テロワールと、ブドウに付着する菌の作用。
この偶然ともいうべき融合を最大限に利用したものが、ソーテルヌ地区の貴腐ワインであり、その最高峰が「シャトー・ディケム」である。通常、果実に菌が付着ことは好ましくはないが、果皮を破らずに果肉の水分だけを排出し糖度を高める「貴腐「と呼ばれる効果を示すボトリティス・シネレア菌に限っては例外である。その甘く熟した貴腐果からは、蜜酒を凌ぐ至高のワインが誕生する。
約100ヘクタールのディケムの畑には、セミヨン種が約75%、ソーヴィニョン・ブラン種が約25%植えられ、約9万5千本のワインが造られる。これは1本の樹からグラス1杯程度の量という希少価値だ。
ディケムの創業は1593年。
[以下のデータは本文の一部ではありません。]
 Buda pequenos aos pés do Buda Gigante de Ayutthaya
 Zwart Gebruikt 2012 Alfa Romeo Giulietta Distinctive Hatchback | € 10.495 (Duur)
ソヴァージュ家とリュル・サリュース家が400年以上にわたってこの宝を保護し続けて来た。
1997年、シャトーは巨大なコングロマリットであるLVMHモエ・ヘネシー・ルイ・ヴィトンに売却された。LVMHグループはラグジュアリーブランドの集合体で、ワイン&スピリッツ部門ではクリュッグやモエ・エ・シャンドンなどのシャンパーニュ、ワイン部門ではディケムやシュヴァル・ブランなどを傘下に収めている。
現在のシャトー代表は、シャトー・ディケム社長兼CEOのピエール・リュリュトン氏が務めている。